The program will use the Statistica Feature Selection and Variable Screening module to select a subset of k best predictors for each variable. The search will be performed predictor-by-predictor, i.e., this is node will perform a fast first-order (no-interactions considered) search of potential predictors of the outcome variable(s) of interest.

Feature/Predictor Selection

Element Name Description
Detail of computed results reported Specifies the level of computed results reported; if All results are requested, the final list of selected predictors is also reported as a text string of variable numbers (which can then be copied and pasted to other analyses).
Predictor selection Select either a fixed number of predictors, or select only predictors with p < userdefined value.
Number of vars for subset Selects the number of predictor variables to be selected for the subset; this option is only applicable if the Predictor selection option is set to Fixed number. The program will select the requested number of variables for each dependent variable in the continuous and categorical dependent variable list.
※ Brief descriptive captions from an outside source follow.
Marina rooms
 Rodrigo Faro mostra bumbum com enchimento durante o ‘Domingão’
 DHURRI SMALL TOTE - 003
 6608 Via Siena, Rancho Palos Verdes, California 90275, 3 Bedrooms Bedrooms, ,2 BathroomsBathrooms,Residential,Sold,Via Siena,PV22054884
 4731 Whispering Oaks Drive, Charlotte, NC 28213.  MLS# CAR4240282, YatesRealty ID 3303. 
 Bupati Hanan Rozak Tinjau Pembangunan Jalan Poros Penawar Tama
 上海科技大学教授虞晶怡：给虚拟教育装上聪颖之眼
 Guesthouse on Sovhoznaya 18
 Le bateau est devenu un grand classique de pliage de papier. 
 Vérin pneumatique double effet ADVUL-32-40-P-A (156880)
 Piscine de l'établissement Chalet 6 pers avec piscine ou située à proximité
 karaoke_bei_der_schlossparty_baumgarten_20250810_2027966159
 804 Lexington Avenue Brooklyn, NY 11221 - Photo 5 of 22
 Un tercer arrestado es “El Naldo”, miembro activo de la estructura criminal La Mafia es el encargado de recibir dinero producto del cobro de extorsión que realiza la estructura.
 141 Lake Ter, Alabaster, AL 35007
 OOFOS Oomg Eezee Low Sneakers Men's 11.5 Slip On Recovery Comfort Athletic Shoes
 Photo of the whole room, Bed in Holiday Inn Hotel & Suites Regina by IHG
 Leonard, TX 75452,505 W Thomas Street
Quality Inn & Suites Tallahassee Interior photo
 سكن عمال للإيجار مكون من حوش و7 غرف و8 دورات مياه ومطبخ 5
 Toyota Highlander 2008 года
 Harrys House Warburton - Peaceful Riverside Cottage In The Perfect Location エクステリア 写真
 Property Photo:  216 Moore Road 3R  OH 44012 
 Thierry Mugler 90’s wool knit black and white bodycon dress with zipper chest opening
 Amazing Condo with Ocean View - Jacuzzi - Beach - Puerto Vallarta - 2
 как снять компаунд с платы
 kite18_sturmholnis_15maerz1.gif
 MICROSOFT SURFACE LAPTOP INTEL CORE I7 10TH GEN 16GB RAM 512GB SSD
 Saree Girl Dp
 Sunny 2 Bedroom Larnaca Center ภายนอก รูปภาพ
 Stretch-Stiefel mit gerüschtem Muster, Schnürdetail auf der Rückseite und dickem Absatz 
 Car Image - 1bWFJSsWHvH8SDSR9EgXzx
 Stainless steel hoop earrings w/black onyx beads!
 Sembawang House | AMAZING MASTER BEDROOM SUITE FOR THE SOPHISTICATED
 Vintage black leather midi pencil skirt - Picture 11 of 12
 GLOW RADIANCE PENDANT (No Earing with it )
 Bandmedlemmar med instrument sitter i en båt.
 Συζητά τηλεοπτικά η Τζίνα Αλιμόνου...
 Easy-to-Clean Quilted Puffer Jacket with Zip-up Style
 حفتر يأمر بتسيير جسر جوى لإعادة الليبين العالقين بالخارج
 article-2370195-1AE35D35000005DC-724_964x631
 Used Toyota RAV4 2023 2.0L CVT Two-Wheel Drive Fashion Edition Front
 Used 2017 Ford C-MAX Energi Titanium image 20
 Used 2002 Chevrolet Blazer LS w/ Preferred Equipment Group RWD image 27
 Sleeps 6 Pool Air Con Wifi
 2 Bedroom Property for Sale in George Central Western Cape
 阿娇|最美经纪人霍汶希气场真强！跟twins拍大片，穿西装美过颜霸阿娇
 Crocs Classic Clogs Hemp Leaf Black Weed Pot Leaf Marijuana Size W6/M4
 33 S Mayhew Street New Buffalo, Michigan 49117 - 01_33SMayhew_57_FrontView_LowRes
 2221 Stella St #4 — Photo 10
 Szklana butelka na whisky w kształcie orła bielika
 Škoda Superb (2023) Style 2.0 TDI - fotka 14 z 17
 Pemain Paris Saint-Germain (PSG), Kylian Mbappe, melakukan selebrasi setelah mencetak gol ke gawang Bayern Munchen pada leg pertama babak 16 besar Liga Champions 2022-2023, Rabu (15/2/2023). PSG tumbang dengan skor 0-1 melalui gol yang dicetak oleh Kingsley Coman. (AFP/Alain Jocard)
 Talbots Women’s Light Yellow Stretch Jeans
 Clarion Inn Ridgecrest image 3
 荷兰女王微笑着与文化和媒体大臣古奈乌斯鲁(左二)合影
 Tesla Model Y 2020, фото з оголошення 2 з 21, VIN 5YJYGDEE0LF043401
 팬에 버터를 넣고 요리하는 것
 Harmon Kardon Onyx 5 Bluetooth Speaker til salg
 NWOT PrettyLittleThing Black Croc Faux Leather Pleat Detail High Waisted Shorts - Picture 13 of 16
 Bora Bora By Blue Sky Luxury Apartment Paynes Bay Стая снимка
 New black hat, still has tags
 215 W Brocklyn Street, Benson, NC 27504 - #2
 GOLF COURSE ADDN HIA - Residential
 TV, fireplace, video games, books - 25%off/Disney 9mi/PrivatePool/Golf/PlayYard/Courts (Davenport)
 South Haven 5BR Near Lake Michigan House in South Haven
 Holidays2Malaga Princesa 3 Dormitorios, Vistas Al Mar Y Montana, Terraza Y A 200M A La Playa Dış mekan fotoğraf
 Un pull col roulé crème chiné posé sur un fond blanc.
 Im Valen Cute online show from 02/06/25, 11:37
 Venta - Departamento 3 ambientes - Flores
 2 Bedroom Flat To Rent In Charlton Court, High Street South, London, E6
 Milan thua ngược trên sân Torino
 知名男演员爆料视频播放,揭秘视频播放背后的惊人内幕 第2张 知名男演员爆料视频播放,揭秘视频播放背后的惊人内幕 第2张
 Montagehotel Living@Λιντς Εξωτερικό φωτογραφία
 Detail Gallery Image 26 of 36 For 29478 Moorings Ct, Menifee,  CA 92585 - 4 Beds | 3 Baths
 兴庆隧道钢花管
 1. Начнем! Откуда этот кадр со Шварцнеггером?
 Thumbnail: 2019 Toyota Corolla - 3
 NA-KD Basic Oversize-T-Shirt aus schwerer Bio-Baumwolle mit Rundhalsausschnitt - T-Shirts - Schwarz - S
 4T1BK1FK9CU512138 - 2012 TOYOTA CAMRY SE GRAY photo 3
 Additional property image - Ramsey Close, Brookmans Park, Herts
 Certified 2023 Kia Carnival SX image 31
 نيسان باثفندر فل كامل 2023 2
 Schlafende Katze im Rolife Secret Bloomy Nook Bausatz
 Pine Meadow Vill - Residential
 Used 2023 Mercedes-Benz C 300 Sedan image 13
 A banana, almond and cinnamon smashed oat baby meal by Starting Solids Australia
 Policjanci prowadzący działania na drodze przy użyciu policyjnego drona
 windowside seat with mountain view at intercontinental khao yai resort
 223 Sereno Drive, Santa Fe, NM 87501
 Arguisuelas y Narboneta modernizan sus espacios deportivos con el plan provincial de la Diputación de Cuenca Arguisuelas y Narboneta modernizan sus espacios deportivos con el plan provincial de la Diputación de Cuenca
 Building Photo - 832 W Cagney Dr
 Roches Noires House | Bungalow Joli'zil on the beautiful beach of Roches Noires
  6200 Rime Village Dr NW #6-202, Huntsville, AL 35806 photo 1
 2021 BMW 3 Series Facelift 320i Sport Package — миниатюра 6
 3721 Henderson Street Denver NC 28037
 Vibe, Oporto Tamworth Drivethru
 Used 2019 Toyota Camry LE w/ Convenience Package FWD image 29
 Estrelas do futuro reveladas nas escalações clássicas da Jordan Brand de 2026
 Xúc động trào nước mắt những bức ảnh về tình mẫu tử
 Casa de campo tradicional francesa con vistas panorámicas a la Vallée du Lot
P for predictor selection Specifies a p-value for selecting predictors; the program will report results only for those predictors which are related to the dependent variables with p<value; note that the p-value should be interpreted with caution, as the customary interpretation of p as an alpha error rate is not appropriate in this context (where multiple post-hoc statistical tests are performed).
Number of cuts Select the number of cuts for continuous predictor variables; the algorithm for selection of continuous predictor variables will divide the range of values for each variable into k intervals; select 2 if you only want to test for monotone relationships; select 10 to test for all types (linear, monotone, non-monotone, etc.) relationships.
Casewise MD deletion Applies casewise deletion of missing data (MD); if TRUE, cases will be excluded if they have any missing data for any predictor.
Treat continuous dependents as categorical Set this option to treat the continuous dependent variables in the analyses as categorical variables. When this option is TRUE, the program will first 'bin' the values of the dependent variables into the specified number of categories, and then perform the computations as for categorical dependent variables. This option is recommended when the continuous dependent variables are highly skewed or contain extreme outliers; such outliers may otherwise cause the program to select those predictors that most clearly separate the outliers from the remaining (non-outlier) data points. The process of binning the values in the continuous dependent variables into categories will automatically 'pull-in' the outliers, and diminish their overall influence on the analyses.
Number of cuts for continuous dependents Select the number of cuts for continuous dependent variables; the algorithm for selection of continuous dependent variables will divide the range of values for each variable into k intervals; select 2 if you only want to test for monotone relationships; select 10 to test for all types (linear, monotone, non-monotone, etc.) relationships.